Le dernier bilan du ministère de l’Action et des Comptes publics fait état d’une hausse des fraudes à l’assurance-maladie détectées en 2016. Si parmi les professionnels de santé pincés par les services de contrôle la moitié sont des infirmiers libéraux, plus d’un tiers sont des pharmaciens.
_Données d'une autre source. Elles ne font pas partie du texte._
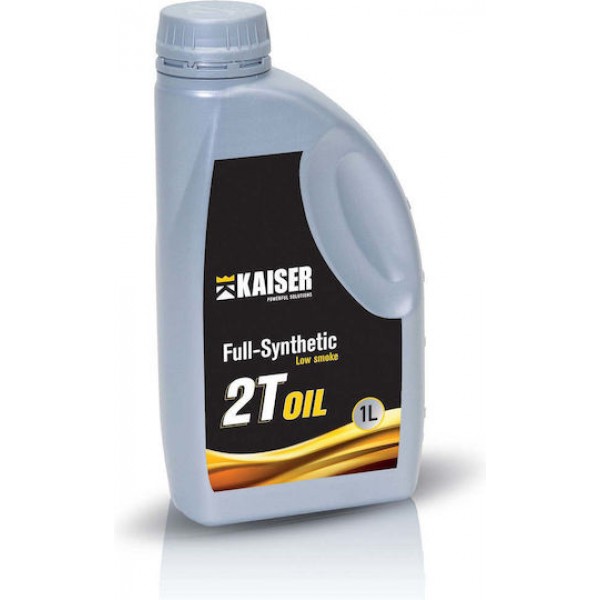 Λάδι για δίχρονους κινητήρες KAISER FULL SYNTHETIC 2T OIL 1lt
Les contrôles menés en matière de fraudes à l'assurance-maladie ont permis de mettre la main sur un nombre croissant de contrevenants. En 2016, selon le rapport de la Délégation nationale à la lutte contre la fraude (DNLF) du ministère de l’Action et des Comptes publics, le montant des fraudes a ainsi atteint 253,31 millions d’euros, soit une hausse de 5,41 % par rapport à 2015. Un préjudice à hauteur de 244,8 millions d’euros concernait la CNAMTS (+ 5,8 % par rapport à 2015).
Sur l’ensemble des fraudes relevées, 2 232 émanaient de professionnels de santé et d’établissements de santé pour un montant de 4,52 millions d’euros. Les professionnels de santé sont à l’origine de 42 % de ce volume, représentant 1 325 fraudes. Si le montant de ces infractions a baissé de 18 %, leur fréquence a augmenté de 42 %. Les infirmiers libéraux constituent le gros de ces fraudeurs avec 47 % des fraudes identifiées. Il est vrai qu’ils sont plus nombreux sur le territoire que les pharmaciens qui, eux, se placent au deuxième rang (32 %).
Plus d’un tiers des fraudes de professionnels de santé concernent la tarification et la facturation (38 %), 10 % la falsification de documents (ordonnances, feuilles de soins, bordereaux de facturation…) ; dans 8 % des cas, il s’agit d’actes fictifs, de produits non délivrés ou encore de facturation non conforme à la prescription.